Suzuka: una parada obligatoria en el calendario de la F1

Suzuka: una parada obligatoria en el calendario de la F1
Crédito: FanF1

Este fin de semana, la Fórmula 1 llega al emblemático circuito de Suzuka, en Japón. Aunque el trazado pueda parecer modesto, ha dejado en varias ocasiones una huella indeleble en este deporte. Repasamos sus momentos más memorables.

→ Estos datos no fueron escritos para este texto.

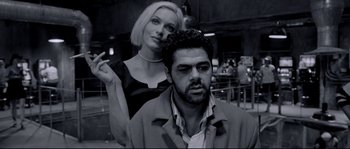 Movie still from “Angel-A” (2005), directed by Luc Besson – A man and a woman standing next to each other; Close Up shot, Low angle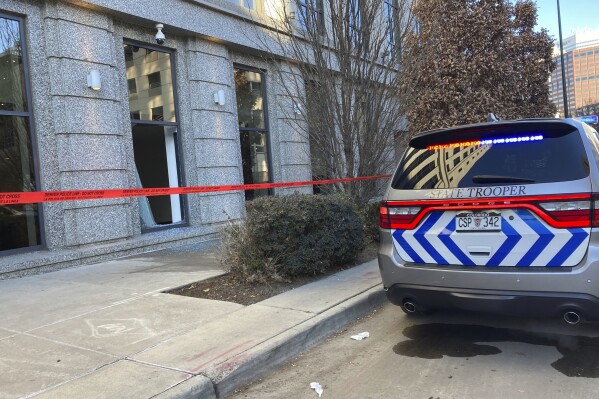 Police tape blocks the damage to large windows at the Colorado Supreme Court on Tuesday, Jan. 2, 2024 in Denver. Authorities say a man inflicted "extensive damage" to the building housing. (AP Photo/Colleen Slevin)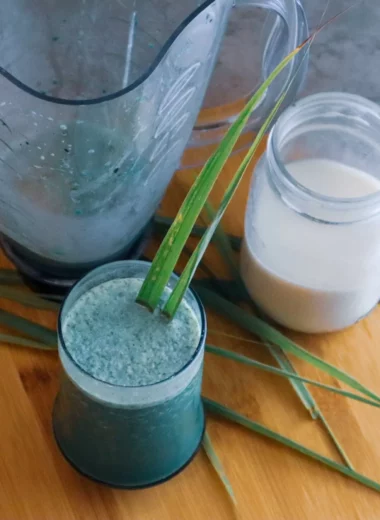 Fever grass oat milk smoothie in a glass with a blender and oat milk in the background.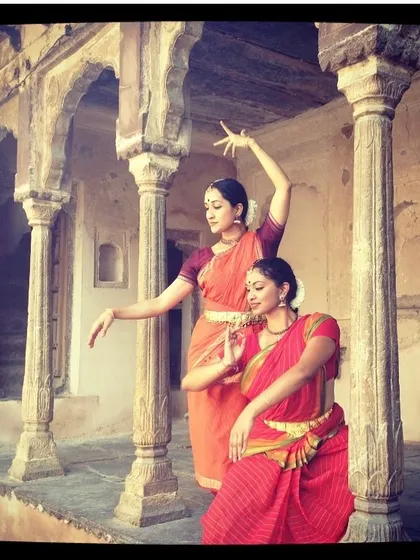 An old photo from a duet photoshoot. The architectural details of the location add a sense of history and timelessness to the dance poses.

Suzuka acogió su primer Gran Premio de Fórmula 1 en 1987 y rápidamente se convirtió en un circuito clásico. En 1989, la temporada ya había alcanzado su punto álgido en la etapa japonesa. Los compañeros de equipo de McLaren, Alain Prost y Ayrton Senna, estaban enzarzados en una reñida lucha por el título de campeón de pilotos, y su rivalidad personal añadía emoción a la batalla en la pista. Prost lideraba la carrera, pero Senna, más rápido en segunda posición, intentó adelantarle en la última chicane antes de la recta de boxes. Prost pareció cederle el paso, pero luego cerró bruscamente la puerta y los dos McLaren MP4/5 chocaron. El coche de Prost quedó inmovilizado; él salió ileso, mientras que Senna gritaba a los comisarios que lo empujaran de vuelta a la pista. Consiguió volver a arrancar, cruzó la línea de meta en primer lugar, pero luego fue descalificado por recibir ayuda externa, lo que dejó el título en manos de Prost. La victoria fue atribuida al italiano Alessandro Nannini, y Senna, furioso, acusó a la FIA, entonces dirigida por Jean-Marie Balestre, de favorecer a Prost, una queja que persistió hasta el año siguiente.

En 1990, la rivalidad resurgió en Suzuka, con Prost pilotando ahora para Ferrari tras cambiar de equipo. Senna salió en pole position; si Prost abandonaba, el brasileño ganaría el campeonato. En la primera curva, Prost tomó la mejor salida y el McLaren de Senna chocó deliberadamente contra el Ferrari. Los dos coches derraparon y acabaron en la grava, envueltos en humo. Prost salió desorientado, mientras que Senna regresó a boxes, ya consciente de que la colisión le había asegurado su segundo título mundial, una venganza poética por la decepción de la temporada anterior.

Suzuka sigue siendo una cita ineludible, especialmente para los pilotos japoneses, que rara vez han subido al escalón más alto del podio en su propio Gran Premio. En 1990, Aguri Suzuki, al volante de un Larousse equipado con un motor Lamborghini, se convirtió en el primer piloto japonés en subir al podio en su país natal, obteniendo el mejor resultado de su carrera ante un público encantado. Habría que esperar catorce años para que otro piloto japonés, Takuma Sato, subiera al podio, en el Gran Premio de Estados Unidos de 2004, y veintidós años para que un piloto local terminara en el podio, cuando Kamui Kobayashi consiguió el tercer puesto en Suzuka en 2012 con Sauber.

Esta temporada, ningún piloto japonés figura en la parrilla de salida y el campeonato no se decidirá en Suzuka, pero la carrera promete ser emocionante en uno de los circuitos más exigentes de este deporte, que muchos pilotos citan como su favorito.